Heat the oven to 200C (180C fan), gas 6, or 200C in an air fryer and place the baby plum tomatoes in a baking dish, drizzle with 1 tsp olive oil and sprinkle with seasoning to taste. Shake the dish to coat the tomatoes, then roast for 12 to 15 minutes in the oven, or about 8 in the air fryer, until they start to soften.
While the tomatoes are roasting, wilt the spinach in a large pan, covering the pan to keep the heat in, or use the microwave. When wilted, squeeze out excess moisture, lightly season to taste.
Stir 2 tbsp of pesto through the roasted tomatoes, then fold in the wilted spinach. Make 4 small wells in the mixture, crack an egg into each well. Season with salt and pepper and sprinkle grated Italian cheese evenly over the top.

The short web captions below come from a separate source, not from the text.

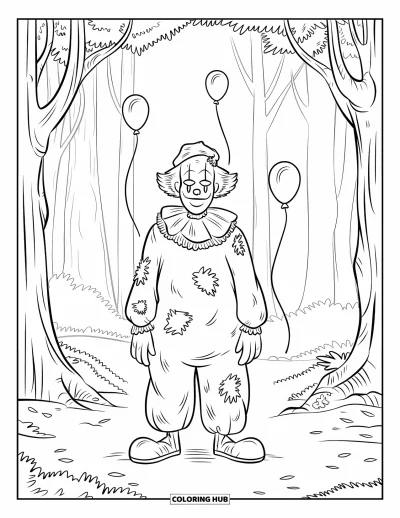Coloriage de clowns pour enfants : Un clowns pâle en costume déchiré se tient parmi des feuilles avec des ballons qui s'envolent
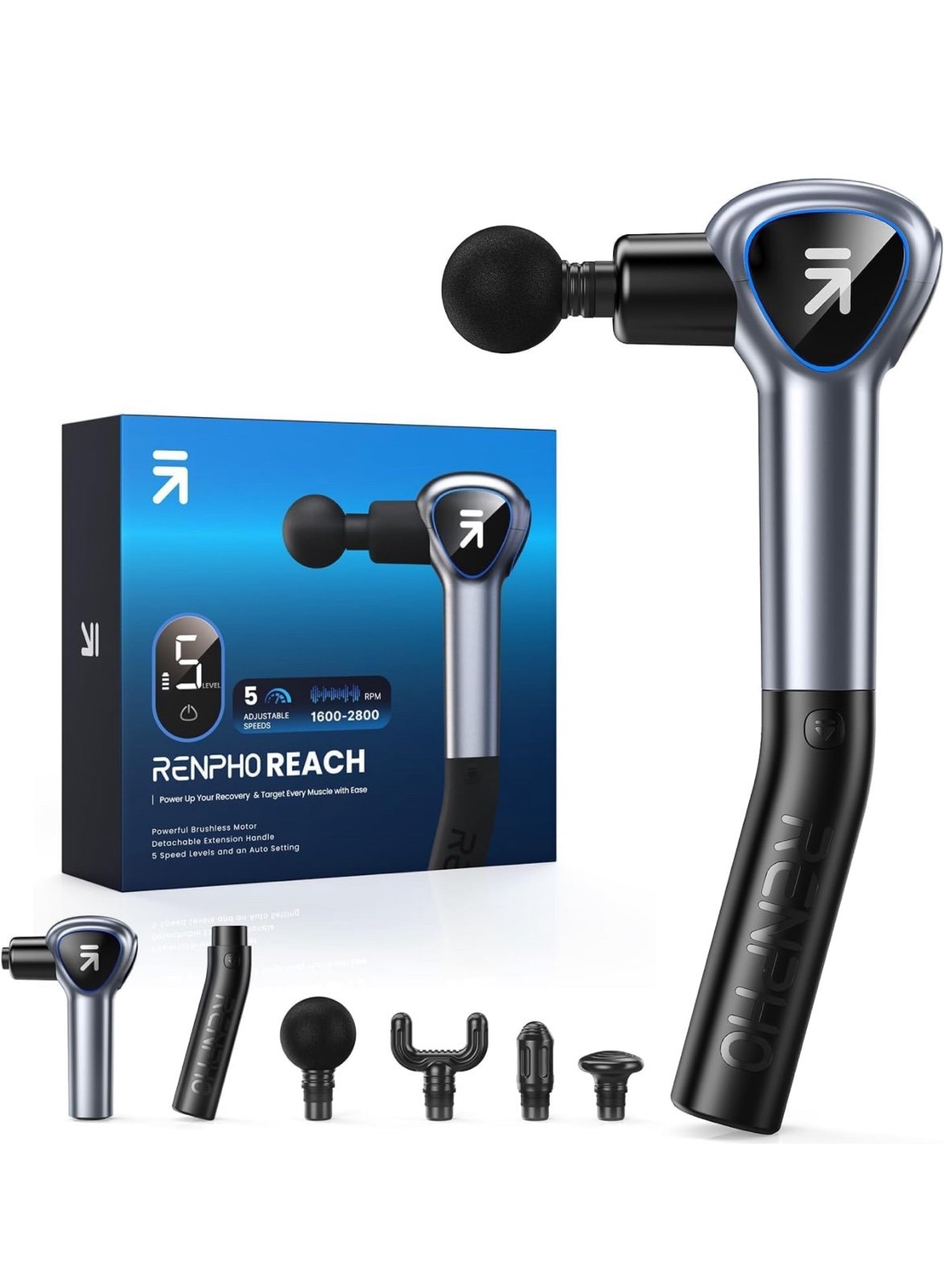 Renpho Massage Gun Deep Tissue, Back Massager for Pain Relief with Long Extensio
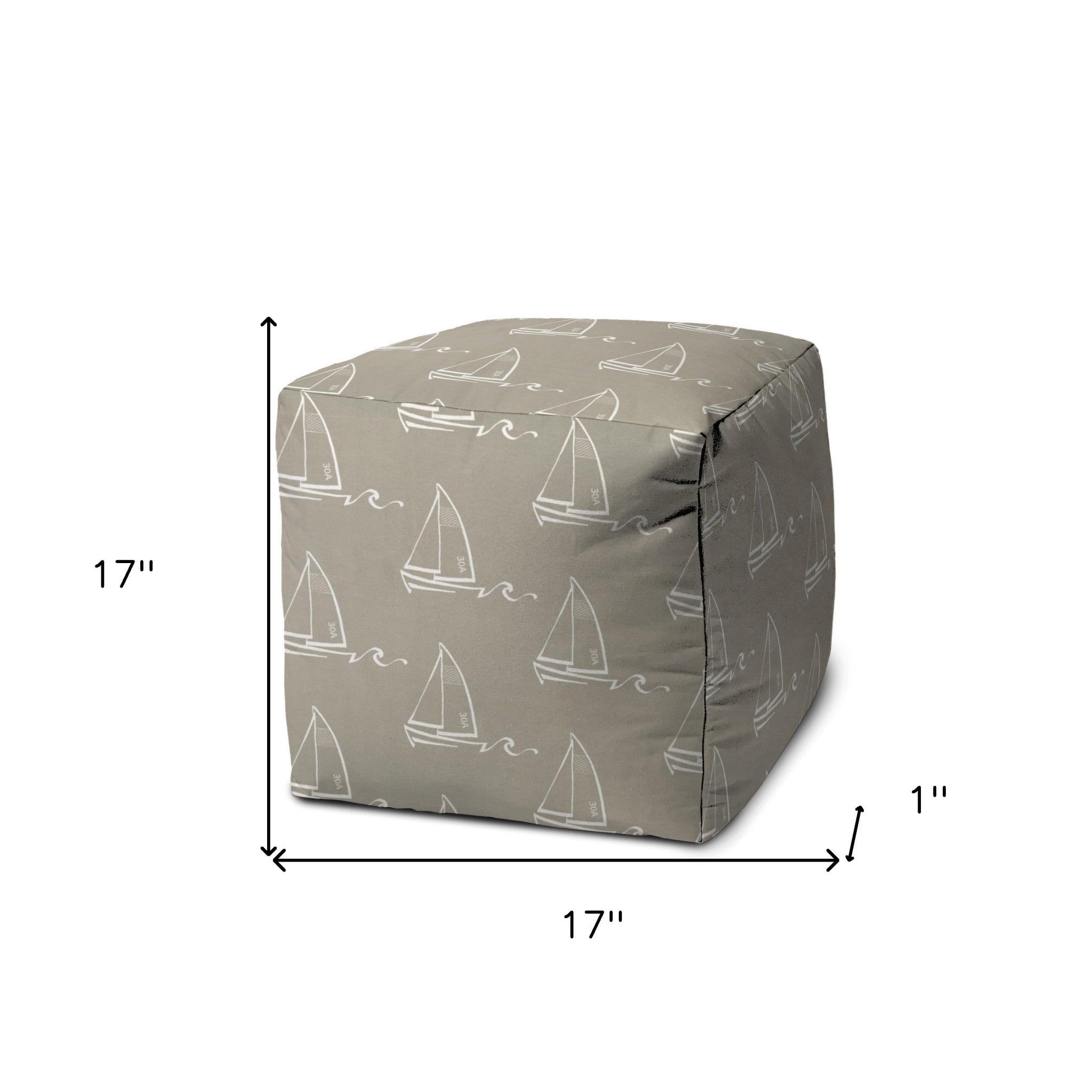Green Cube Indoor Outdoor Pouf Cover 17"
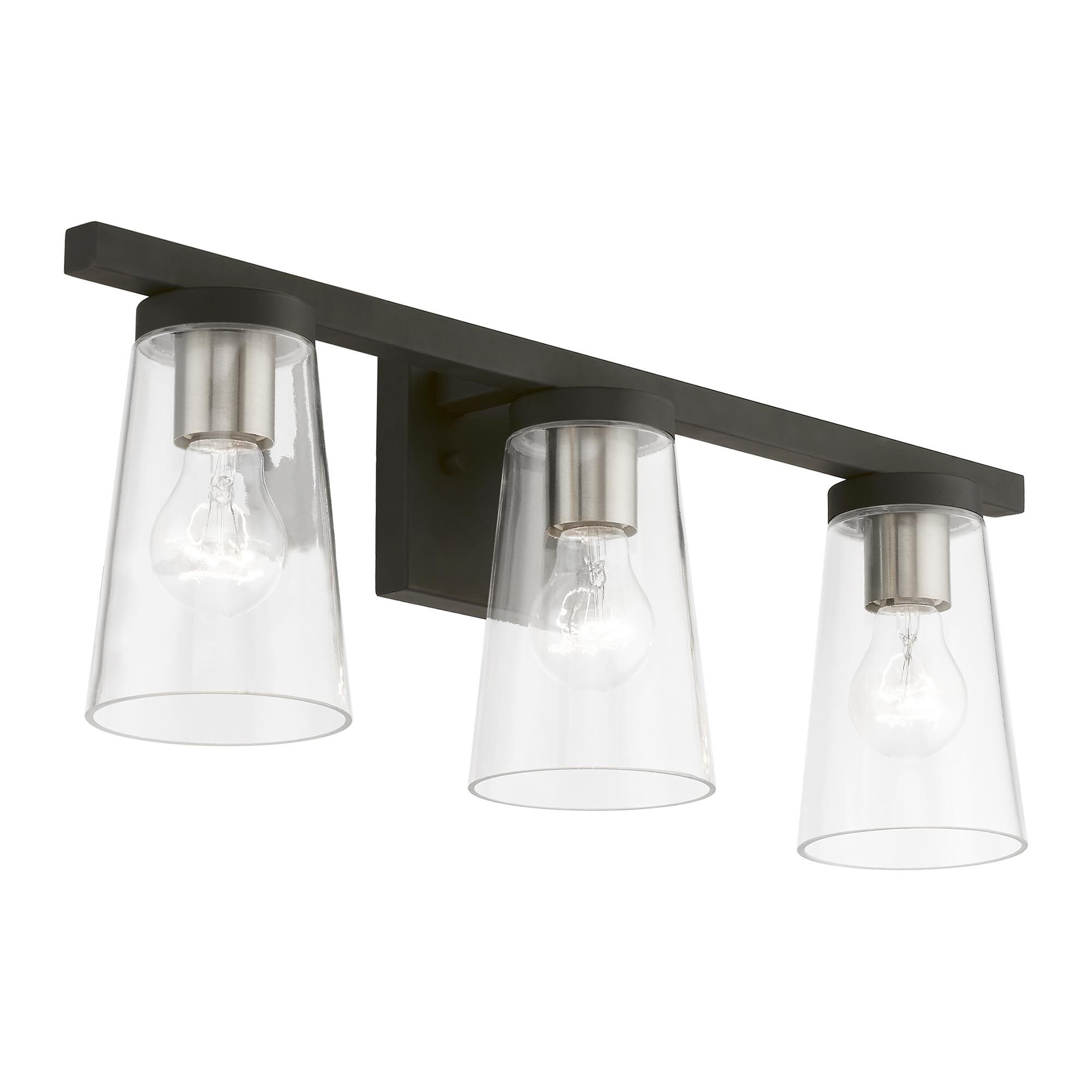 Shown in Black with Brushed Nickel Accents finish and Clear glass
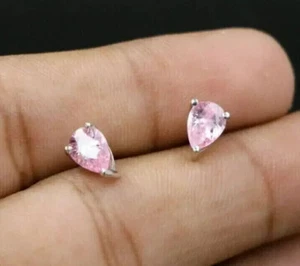 Women's Stud Earrings 2.0Ct Pear Cut Created Pink Sapphire 14K White Gold Finish - Picture 1 of 4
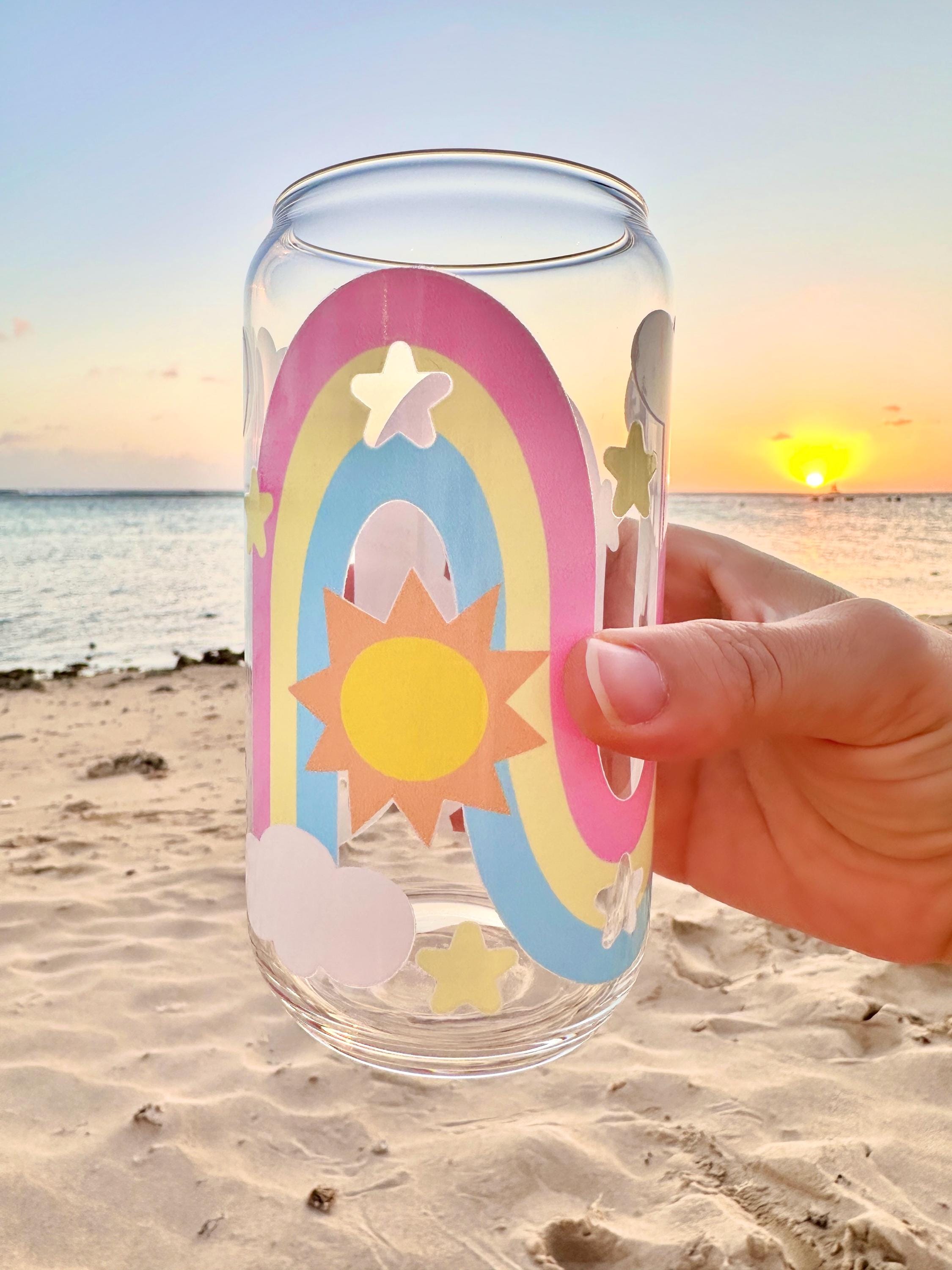 Rainbow and Star Glass Can Shaped Drinking Tumbler (16 oz Cup)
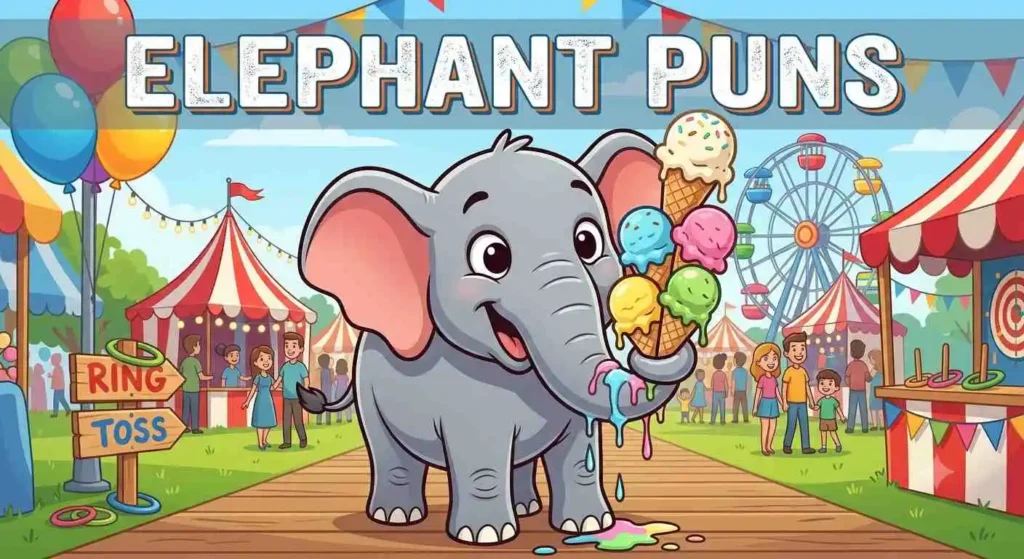Funny elephant holding ice cream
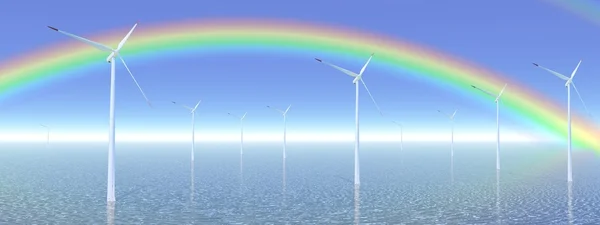 Rainbow a větrné turbíny — Stock fotografie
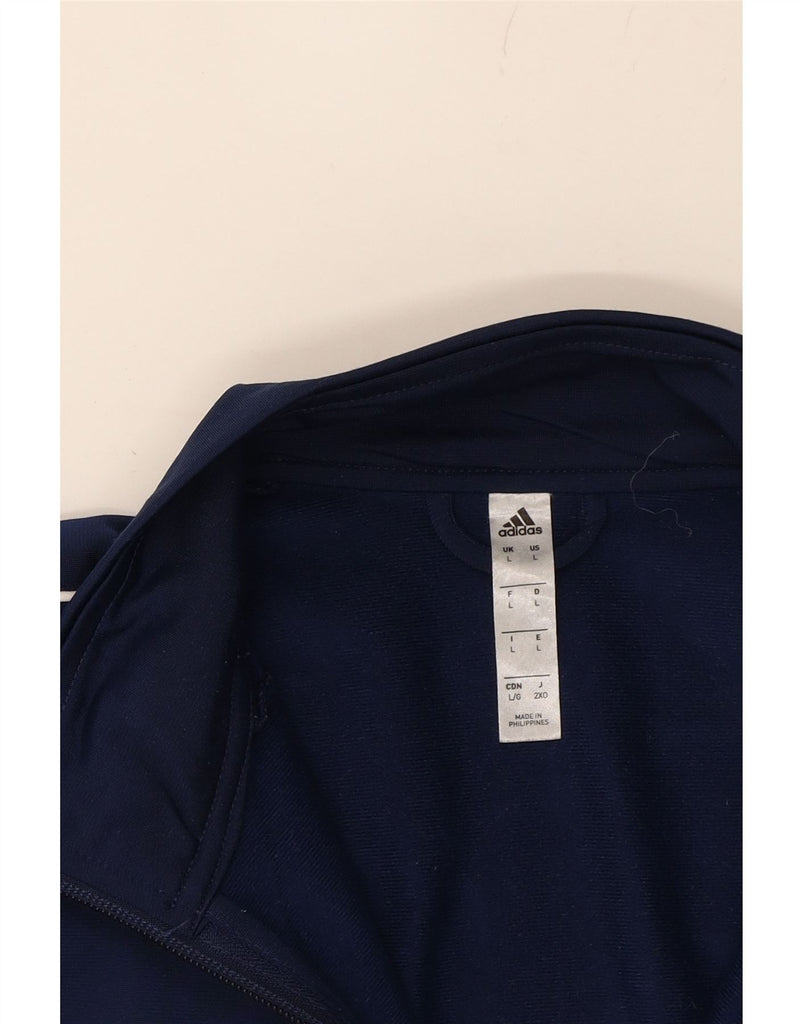 ADIDAS Mens Tracksuit Top Jacket Large Navy Blue Polyester Vintage Adidas and Second-Hand Adidas from Messina Hembry 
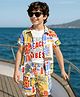 OLLINGTON ST. Knit Half Sleeves Co-Ord Set Floral & Text Printed Shirts & Shorts with T-Shirt -White Yellow & Orange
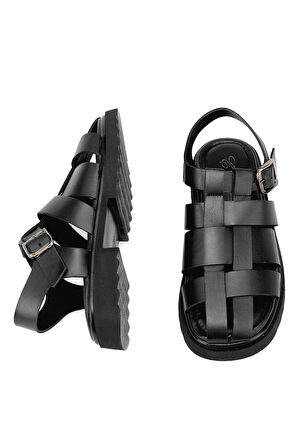 Elit Nerina Kadın Hakiki Deri Ortopedik Düz Sandalet Siyah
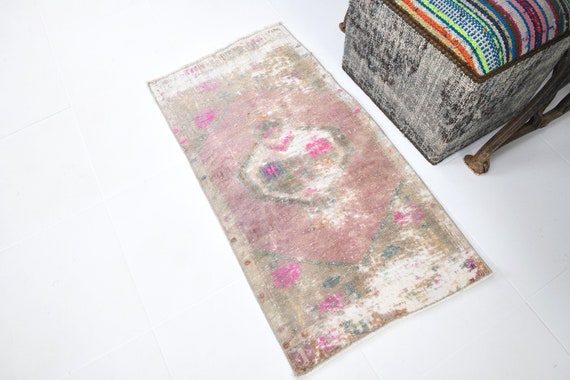 2x3 Doormat Rug, 2x3 Vintage Turkish Doormat Rug, 2x3 Rug, Wool Handmade Accent, 2x3 Pink Tan Beige Doormat, 2x3 Area Rug, Rug For Outdoor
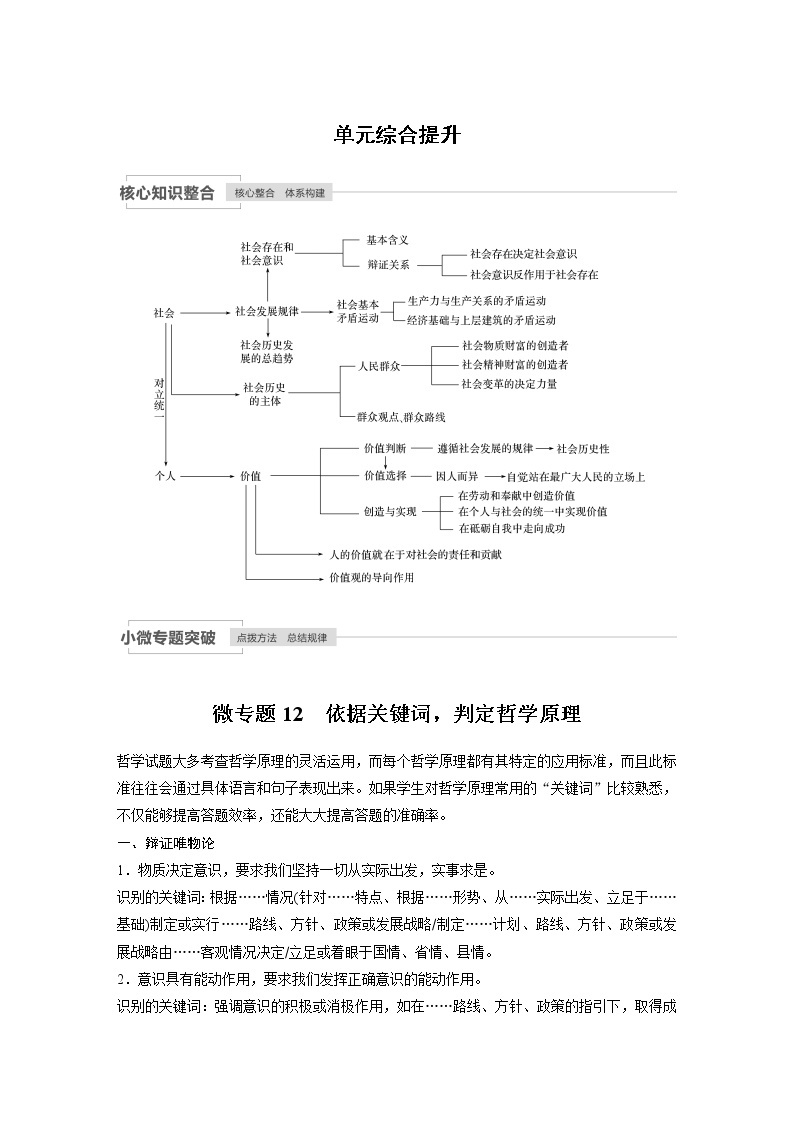 2021年高考政治一轮复习（新高考版）必修4 第13单元 单元综合提升 试卷01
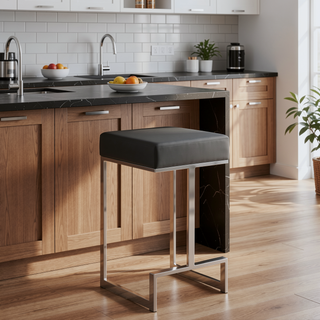 Sunvega Grey and Chrome Upholstered Counter Height Stool with Plush Padding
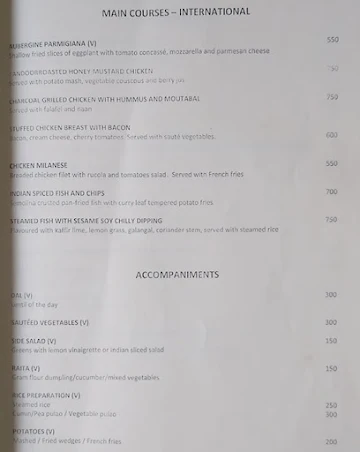 Baradari - City Palace menu 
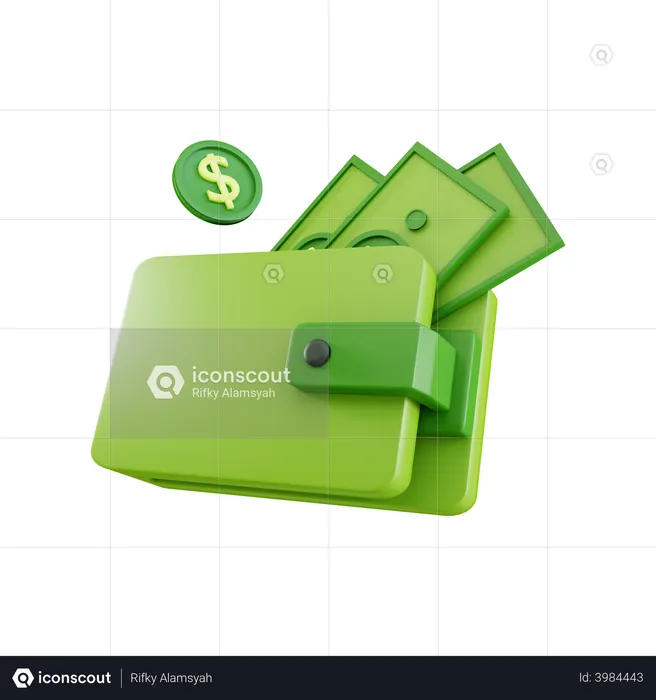 Money in wallet  3D Icon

When using an air fryer, lower the temperature to 160°C to prevent the whites of your eggs from cooking too quickly before the center sets. If using a normal oven, keep the temperature at 200°C at least for 10-12 minutes or until the egg whites are set but the yolks are still runny.
Slice the ciabatta rolls into thick pieces and toast them while the eggs bake. Rub the toasted sides with the halved garlic clove, and brush with the remaining 2 tsp of olive oil. Thin the remaining pesto with a splash of water, then drizzle over the eggs before serving, with the garlic toasts alongside.